Any look into the EV market, would be incomplete without considering the market leader Tesla, the following table shows what I got of https://www.tesla.com/en_ca:

ModelCategoryPriceComments
Model 3Car50k-70kSporty car
Model YSUV55k-80kMany Y’s sold in Canada are actually Chinese made
Model XLarge SUV110k-130kAvailable with a third row
Model SSports car100k-125kSports car

So, what does all of this means to our discussion on using tariffs to “keep-Chinese-EVs-out-of-Canada”. The argument for tariffs is that they would harm Canada’s automotive sector as the Chinese can “dump” EVs into the Canadian market, making it impossible for legacy auto, many of which have Canadian factories employing 135k Canadians (source), to transition to electric vehicles. Tariffs would however, make EVs more expensive for Canadians.

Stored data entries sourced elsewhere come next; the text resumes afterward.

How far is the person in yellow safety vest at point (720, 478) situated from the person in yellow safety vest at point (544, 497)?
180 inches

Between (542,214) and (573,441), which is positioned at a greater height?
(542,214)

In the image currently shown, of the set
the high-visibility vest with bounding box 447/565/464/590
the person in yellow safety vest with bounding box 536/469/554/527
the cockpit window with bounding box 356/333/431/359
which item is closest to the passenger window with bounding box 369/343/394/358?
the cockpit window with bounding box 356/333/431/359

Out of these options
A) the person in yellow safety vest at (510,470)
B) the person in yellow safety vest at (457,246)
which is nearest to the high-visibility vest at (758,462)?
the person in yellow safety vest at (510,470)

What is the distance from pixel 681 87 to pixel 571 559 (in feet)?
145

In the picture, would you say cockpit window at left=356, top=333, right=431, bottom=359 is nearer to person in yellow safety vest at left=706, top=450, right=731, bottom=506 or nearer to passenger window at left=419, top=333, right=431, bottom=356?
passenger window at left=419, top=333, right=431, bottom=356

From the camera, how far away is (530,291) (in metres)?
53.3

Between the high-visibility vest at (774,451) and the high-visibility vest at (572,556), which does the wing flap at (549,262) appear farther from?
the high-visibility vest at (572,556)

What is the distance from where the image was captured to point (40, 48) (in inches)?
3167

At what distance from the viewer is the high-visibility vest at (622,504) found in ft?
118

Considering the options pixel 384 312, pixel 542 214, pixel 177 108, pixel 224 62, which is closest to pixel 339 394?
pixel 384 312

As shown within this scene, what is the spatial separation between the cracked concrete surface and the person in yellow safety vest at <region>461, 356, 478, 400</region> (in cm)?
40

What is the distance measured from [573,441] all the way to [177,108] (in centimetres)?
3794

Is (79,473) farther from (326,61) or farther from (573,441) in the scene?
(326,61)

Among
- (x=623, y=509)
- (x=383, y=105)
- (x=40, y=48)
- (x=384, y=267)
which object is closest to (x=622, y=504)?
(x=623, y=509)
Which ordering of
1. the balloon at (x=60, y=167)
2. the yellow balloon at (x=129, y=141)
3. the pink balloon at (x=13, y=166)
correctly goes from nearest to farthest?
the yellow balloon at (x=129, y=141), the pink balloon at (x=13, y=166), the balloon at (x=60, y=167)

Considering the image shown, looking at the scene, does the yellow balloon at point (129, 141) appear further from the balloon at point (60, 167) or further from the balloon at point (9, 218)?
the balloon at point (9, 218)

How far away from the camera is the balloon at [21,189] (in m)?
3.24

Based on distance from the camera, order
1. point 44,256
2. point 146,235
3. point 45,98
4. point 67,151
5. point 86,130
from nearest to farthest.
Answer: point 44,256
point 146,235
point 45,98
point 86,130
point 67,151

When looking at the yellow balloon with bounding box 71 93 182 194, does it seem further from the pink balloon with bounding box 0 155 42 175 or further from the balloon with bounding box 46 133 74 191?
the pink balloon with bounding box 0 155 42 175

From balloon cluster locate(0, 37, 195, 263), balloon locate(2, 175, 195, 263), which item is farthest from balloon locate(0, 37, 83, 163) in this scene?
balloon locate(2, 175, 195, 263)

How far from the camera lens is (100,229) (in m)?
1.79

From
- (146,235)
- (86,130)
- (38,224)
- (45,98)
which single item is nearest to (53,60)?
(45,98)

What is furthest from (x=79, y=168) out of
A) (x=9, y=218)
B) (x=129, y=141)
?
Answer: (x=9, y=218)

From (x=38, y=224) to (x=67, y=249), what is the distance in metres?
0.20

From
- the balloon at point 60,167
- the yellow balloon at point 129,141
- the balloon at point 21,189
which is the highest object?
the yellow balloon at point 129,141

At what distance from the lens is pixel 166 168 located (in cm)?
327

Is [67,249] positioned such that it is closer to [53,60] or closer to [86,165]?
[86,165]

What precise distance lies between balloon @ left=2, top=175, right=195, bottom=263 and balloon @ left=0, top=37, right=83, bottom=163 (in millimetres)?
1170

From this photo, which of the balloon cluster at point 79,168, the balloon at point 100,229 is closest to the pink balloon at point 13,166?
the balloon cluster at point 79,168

From our “Chinese table” above, we see that the average Canadian could save 5-10k on their EV by going Chinese.

It certainly seems silly to put tariffs on Chinese “Car”- EVs, given that the big three have very little interest in actually making cars. In fact it would only be the Tesla Model 3, and possibly, the Nissan Leaf, some of which are made in Smyrna, TN (source), that might be harmed by this. Neither are in Michigan. Plus if you want an electric station wagon, your only choice is the Chinese made MG5.

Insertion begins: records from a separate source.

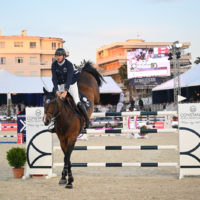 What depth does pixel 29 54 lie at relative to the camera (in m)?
84.7

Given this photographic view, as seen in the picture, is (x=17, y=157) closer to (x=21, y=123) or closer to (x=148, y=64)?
(x=21, y=123)

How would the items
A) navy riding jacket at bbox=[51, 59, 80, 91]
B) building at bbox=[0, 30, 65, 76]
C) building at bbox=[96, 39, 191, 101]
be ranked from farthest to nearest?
1. building at bbox=[96, 39, 191, 101]
2. building at bbox=[0, 30, 65, 76]
3. navy riding jacket at bbox=[51, 59, 80, 91]

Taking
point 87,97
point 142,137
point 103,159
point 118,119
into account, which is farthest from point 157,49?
point 87,97

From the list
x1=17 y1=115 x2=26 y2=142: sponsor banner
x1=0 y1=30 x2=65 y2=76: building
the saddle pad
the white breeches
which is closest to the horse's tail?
the saddle pad

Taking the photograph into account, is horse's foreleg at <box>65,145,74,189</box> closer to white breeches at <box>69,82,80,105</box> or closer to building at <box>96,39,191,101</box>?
white breeches at <box>69,82,80,105</box>

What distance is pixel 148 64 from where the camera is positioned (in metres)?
→ 42.3

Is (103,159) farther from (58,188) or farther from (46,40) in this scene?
(46,40)

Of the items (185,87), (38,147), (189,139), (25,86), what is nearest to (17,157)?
(38,147)

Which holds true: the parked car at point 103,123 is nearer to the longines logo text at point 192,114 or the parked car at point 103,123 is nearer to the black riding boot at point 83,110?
the longines logo text at point 192,114

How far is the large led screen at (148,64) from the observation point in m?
41.6

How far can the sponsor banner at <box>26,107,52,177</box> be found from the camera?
8.46m

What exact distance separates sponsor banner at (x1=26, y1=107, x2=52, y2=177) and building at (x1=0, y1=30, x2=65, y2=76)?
75340 mm

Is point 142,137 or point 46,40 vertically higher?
point 46,40

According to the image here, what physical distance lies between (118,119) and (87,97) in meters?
18.8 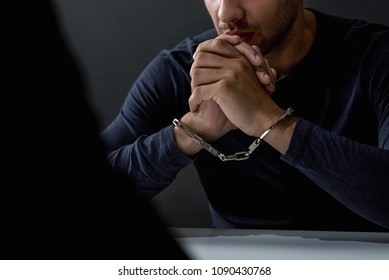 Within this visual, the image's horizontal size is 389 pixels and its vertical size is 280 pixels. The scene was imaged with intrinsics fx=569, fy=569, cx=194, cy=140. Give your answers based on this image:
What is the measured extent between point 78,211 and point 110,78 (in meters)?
0.50

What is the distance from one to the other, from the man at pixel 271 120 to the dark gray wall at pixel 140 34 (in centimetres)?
2

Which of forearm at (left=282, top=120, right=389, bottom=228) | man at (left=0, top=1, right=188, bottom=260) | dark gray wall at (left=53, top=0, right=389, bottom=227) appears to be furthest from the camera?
dark gray wall at (left=53, top=0, right=389, bottom=227)

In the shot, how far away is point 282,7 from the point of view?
815 mm

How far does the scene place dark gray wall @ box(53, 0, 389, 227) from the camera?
78cm

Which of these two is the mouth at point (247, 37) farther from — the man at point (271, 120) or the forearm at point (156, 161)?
the forearm at point (156, 161)

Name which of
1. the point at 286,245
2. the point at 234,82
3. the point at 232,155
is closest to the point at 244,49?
the point at 234,82

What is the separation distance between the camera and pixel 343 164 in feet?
2.19

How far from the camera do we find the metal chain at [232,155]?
702mm

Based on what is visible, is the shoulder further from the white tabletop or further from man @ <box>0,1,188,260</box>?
man @ <box>0,1,188,260</box>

Given all this, it certainly seems that Chinese automakers would have an excellent court-case against any tariffs placed on their EVs. Not to different from the “dumping-case” brought by Bombardier against Boeing in the late 2010’s (source), where the courts (the International Trade Commission), found that while Bombardier had “dumped” their C-series into the US market, as US manufacturers (Boeing in this case), did not have competing models that were sufficiently harmed by said “dumping”.

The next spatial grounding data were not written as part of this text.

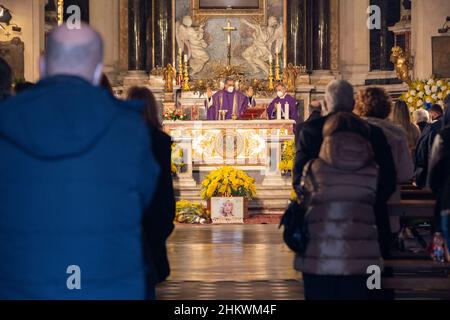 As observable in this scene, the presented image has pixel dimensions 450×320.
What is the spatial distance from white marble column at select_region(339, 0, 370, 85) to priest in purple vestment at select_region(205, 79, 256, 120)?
4.33m

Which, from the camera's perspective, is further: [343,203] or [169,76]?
[169,76]

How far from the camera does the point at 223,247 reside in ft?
47.7

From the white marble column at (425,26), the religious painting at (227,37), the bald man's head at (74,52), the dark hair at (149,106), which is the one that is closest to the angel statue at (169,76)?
the religious painting at (227,37)

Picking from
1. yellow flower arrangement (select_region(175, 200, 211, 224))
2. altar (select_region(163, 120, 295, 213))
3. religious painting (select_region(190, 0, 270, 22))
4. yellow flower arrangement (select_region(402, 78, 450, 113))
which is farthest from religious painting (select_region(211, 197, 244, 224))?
religious painting (select_region(190, 0, 270, 22))

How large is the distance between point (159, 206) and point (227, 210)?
1265 centimetres

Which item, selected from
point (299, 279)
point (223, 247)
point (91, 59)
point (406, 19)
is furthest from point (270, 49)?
point (91, 59)

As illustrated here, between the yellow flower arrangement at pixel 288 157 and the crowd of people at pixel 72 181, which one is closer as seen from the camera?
the crowd of people at pixel 72 181

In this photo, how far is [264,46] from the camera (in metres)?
26.7

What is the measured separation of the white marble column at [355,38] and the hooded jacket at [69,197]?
2303 centimetres

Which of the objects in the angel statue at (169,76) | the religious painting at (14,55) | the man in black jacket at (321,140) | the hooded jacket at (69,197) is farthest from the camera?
the angel statue at (169,76)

It could actually be argued that recent Tesla price cuts, are the biggest threat to the Canadian auto-sector. After all, Tesla does not have much in terms of a Canadian footprint, compared with Detroit’s big three. Take the Equinox EV for example, when pitched against the model 3, you get an SUV for the cost of a car. However, as the Equinox pricing is similar to the Model Y nowadays, many would prefer the Tesla over the Chevy.